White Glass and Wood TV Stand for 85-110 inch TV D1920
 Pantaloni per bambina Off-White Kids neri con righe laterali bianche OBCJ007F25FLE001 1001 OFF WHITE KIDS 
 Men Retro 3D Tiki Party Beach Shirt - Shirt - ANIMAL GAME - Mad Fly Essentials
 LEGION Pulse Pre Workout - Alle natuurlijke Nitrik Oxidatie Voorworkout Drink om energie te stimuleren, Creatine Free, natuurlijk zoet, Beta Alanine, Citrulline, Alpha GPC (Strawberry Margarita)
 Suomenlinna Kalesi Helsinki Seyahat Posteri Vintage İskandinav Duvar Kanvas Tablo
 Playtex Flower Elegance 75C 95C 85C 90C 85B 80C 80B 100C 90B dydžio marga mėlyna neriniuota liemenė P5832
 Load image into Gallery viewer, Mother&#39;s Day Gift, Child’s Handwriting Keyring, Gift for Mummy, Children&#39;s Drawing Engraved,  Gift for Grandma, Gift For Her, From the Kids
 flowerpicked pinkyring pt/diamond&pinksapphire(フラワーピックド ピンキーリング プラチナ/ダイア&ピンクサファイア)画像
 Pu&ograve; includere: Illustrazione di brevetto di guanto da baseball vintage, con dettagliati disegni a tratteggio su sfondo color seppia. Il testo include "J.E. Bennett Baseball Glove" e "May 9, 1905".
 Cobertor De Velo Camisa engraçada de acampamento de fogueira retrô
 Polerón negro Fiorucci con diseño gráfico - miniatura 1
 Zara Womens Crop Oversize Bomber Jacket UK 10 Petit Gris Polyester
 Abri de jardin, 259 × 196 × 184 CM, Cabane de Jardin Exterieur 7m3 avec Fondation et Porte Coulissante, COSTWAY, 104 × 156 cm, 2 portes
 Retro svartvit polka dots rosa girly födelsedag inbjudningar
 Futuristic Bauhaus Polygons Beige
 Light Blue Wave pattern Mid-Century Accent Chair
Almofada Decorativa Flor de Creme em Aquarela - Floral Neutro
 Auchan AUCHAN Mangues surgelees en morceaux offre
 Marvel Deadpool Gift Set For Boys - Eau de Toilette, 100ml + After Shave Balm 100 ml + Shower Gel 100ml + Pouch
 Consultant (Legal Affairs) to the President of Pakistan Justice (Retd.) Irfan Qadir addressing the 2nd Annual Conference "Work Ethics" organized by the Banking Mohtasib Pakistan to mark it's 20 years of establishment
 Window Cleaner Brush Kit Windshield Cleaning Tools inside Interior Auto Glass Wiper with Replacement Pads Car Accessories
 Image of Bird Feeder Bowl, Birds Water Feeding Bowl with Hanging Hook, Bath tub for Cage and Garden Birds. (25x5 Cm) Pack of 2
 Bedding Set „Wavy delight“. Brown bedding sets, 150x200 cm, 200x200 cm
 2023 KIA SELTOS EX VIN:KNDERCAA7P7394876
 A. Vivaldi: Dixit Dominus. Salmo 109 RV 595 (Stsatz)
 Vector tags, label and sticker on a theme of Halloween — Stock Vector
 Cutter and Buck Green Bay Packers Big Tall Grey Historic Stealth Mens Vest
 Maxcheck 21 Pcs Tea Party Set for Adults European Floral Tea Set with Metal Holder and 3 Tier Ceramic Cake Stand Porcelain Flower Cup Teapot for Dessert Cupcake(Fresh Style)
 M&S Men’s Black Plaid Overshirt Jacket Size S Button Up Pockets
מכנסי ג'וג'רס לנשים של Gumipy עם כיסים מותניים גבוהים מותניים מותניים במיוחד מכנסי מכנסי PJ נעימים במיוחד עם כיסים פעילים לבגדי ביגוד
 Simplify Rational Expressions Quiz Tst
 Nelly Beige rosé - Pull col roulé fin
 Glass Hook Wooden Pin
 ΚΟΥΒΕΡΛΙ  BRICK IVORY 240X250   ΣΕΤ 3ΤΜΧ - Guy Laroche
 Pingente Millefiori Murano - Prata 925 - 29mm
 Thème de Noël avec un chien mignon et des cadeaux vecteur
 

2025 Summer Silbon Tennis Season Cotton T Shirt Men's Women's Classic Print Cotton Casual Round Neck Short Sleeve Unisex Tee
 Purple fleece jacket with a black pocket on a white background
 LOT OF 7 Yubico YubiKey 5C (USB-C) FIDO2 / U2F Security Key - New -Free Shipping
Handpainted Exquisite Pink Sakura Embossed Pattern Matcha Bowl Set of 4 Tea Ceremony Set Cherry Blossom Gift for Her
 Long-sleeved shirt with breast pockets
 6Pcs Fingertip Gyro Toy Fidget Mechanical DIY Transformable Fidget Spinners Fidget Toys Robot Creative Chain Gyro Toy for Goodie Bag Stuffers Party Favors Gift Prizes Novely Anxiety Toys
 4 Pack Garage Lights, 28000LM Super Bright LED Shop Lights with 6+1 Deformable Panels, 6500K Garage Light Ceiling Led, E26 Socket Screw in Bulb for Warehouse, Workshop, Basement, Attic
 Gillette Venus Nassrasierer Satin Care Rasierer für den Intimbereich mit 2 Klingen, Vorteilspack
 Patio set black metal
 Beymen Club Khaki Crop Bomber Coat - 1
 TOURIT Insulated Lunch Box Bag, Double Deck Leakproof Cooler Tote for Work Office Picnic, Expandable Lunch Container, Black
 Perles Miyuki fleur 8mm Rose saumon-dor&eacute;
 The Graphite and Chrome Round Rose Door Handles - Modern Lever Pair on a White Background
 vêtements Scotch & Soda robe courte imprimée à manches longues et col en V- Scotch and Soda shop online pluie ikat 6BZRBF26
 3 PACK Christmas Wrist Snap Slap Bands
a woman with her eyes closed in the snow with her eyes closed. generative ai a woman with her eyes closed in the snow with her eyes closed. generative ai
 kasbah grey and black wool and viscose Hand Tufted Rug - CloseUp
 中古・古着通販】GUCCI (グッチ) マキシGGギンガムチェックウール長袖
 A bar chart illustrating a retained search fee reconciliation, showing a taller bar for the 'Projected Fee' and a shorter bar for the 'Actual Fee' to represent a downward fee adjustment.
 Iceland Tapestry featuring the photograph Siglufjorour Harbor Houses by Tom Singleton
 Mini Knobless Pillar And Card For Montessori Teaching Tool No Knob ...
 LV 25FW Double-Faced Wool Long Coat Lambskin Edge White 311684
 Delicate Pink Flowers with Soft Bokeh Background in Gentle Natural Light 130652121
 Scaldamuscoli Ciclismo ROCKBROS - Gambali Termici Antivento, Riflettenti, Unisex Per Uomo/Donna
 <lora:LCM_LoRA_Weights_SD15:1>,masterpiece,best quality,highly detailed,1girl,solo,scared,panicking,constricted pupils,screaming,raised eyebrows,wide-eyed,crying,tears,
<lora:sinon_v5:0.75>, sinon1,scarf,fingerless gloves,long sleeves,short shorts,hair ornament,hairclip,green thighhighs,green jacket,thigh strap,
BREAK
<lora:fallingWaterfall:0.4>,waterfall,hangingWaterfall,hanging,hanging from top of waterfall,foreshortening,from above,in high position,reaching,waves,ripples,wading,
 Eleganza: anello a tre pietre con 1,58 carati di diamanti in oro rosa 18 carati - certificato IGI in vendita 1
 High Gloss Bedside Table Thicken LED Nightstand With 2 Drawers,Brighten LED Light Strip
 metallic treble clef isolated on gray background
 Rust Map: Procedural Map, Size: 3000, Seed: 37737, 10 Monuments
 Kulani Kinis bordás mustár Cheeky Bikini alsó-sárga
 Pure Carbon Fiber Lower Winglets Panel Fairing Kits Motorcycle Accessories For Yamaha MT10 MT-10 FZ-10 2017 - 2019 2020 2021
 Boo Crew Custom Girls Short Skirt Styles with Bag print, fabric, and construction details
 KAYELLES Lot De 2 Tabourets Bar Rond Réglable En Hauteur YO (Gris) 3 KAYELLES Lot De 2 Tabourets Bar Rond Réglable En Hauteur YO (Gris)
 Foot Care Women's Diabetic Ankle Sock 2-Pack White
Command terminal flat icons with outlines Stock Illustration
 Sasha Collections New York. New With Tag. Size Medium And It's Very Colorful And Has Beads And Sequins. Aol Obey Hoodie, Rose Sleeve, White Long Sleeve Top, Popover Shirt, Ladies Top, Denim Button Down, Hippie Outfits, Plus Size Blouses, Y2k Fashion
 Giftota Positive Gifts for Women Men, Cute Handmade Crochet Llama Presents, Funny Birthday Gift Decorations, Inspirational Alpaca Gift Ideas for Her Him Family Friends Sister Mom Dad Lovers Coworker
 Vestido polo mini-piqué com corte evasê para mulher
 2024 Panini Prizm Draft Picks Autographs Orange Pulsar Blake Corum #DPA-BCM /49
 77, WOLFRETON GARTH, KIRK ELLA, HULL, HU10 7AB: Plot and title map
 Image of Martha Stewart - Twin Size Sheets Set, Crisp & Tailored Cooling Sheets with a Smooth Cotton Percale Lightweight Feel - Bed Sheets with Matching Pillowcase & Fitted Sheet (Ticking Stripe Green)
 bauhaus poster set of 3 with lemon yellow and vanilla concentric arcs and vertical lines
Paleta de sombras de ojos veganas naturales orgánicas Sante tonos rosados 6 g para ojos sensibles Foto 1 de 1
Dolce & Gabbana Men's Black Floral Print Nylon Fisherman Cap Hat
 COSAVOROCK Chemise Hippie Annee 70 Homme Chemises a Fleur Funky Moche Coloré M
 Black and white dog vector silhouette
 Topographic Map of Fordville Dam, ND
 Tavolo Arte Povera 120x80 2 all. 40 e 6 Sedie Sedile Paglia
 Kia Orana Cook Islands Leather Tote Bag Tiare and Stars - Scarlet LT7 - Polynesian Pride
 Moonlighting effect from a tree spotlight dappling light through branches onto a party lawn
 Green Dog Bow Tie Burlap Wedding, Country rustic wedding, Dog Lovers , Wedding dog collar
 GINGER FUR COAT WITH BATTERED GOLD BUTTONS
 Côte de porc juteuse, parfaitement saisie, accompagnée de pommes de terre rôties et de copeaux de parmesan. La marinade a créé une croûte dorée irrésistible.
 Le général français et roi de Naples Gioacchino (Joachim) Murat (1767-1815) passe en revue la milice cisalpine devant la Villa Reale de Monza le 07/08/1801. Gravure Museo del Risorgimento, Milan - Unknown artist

___

# TASK TO CARRY OUT
Among the lines of the listing above, count those that hold the string "Unisex", giving the count alone.

# ANSWER BELOW
2